Bloom Energy has not released specific details about the Bloom Box's energy efficiency or specified whether the heat produced by its units can be utilized.
"We didn't see any evidence of thermal recovery, so we assume it's an electricity-only device," Brown said. "If that's the case, it is somewhere between 45 and 55 percent electrically efficient."
That would make the Bloom Box only about 5 to 10 percent more efficient than conventional combined cycle gas turbine (CCGT) power plants, Brown said. Such plants create electricity in two phases: first via gas turbines, then via steam turbines, which take advantage of excess heat generated in the first phase.
Bloom Energy's Secret Killer App?
While most experts seem to agree that the Bloom Box appears to be a fairly standard solid oxide fuel cell system, the tiny power plant could hide a big secret.
Bloom Energy has filed patents in recent years that hint at a possible killer feature that could set its devices apart from the competition, Greentech Media's Kanellos said.
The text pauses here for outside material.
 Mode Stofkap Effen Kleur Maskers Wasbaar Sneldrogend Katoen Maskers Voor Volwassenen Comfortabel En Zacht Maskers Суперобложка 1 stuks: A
The patents describe a process for taking the runoff of the main electricity generation—carbon dioxide and water—and using it to produce oxygen and a "methane-like fuel," he said.
That new fuel and oxidant could be automatically run through the Bloom Box to generate even more electricity—and less waste.
If such a reverse-reaction is possible—and it's not clear that it is—then "it would be huge," Kanellos said.
"If they can do that, they're in a class by themselves," he said. "If they can't do that, then they just have a really nice fuel cell ... but it may not be so tremendously [different] to set them apart."